Great Plains. I have used Hay Buster a few times, but they break and don't have front colters before openers. I have a Great Plains NT606 (all I could afford) dirll with small seed option, just used it to do 30 acres using Bahia seed and brown top millet. The dirlls are pretty much the same design for 6ft to I think 13ft wide.

The great plains has alot of features, and adjustment to taylor the dirll to the seed and conditions your using and in. I really love the calabartion feature, lets you calabrate the drill for how many lbs per acre of seed before you ever go to feild. Takes all the guess work out of it. Anyway, I like it, pricey new, and hard to find used, was for me anyway, but works for me. I spent all day driving over to Tupelo MS to get mine, closest one I could find.


----------



## Hogleg (Dec 20, 2009)

Here is a list of SWCD locations by county in TN that rent these drills...

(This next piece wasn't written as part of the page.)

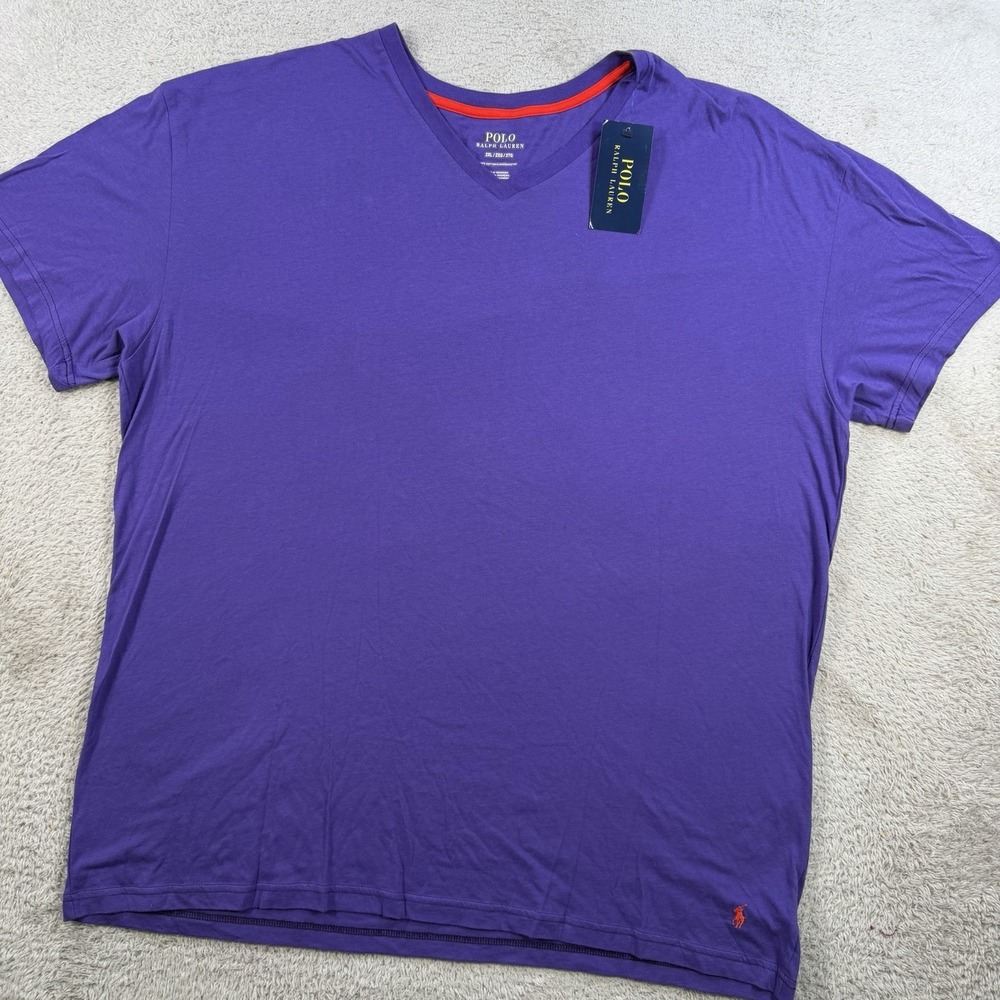 Polo Ralph Lauren T-Shirt Mens 2XL Purple V-Neck Pony Cotton Short Sleeve Tee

http://www.tn.gov/twra/pdfs/tngrassdrills.pdf

John


----------



## Toyes Hill Angus (Dec 21, 2010)

The Great Plains have big, easily accessible boxes. They are easy to set up. ...etc, BUT, if you plan on no filling into corn stalks or other trashy crop I wish you the best of luck. Plug does not begin to describe it, trash will not flow through just push.... its gotta be JD if you want to no till. Bring $, lots of it too. But when the other manufacturers machines will spread soybean seed on top of clay ground the Deere will plant the center of the highway and have proper seed to soil contact. But expensive.


----------



## mlappin (Jun 25, 2009)

Have to agree with Toyes Hill on this. We had a Great Plains no-till drill. Is nothing more than a heavy duty 3 point drill behind a coulter cart. While it does work and is simple to set up, it doesn't really work that well. With the placement of the no-till coulters if you have any kind of rolling or uneven ground, part of the time the coulters will be running way too deep and other times they will be out of the ground.

We are running a Hiniker 30' at the moment for planting beans and if I ever have the chance I'd like to replace it with a John Deere CCS No-till Air drill which basically uses the same planter units as the no till drills.


----------



## Vol (Jul 5, 2009)

Thanks fellas. Used to rent a drill(hayybuster) from local co-op, but they quit handling it because renters kept it inoperable. I would spend half a day trying to get it to work properly. Regards, Mike


----------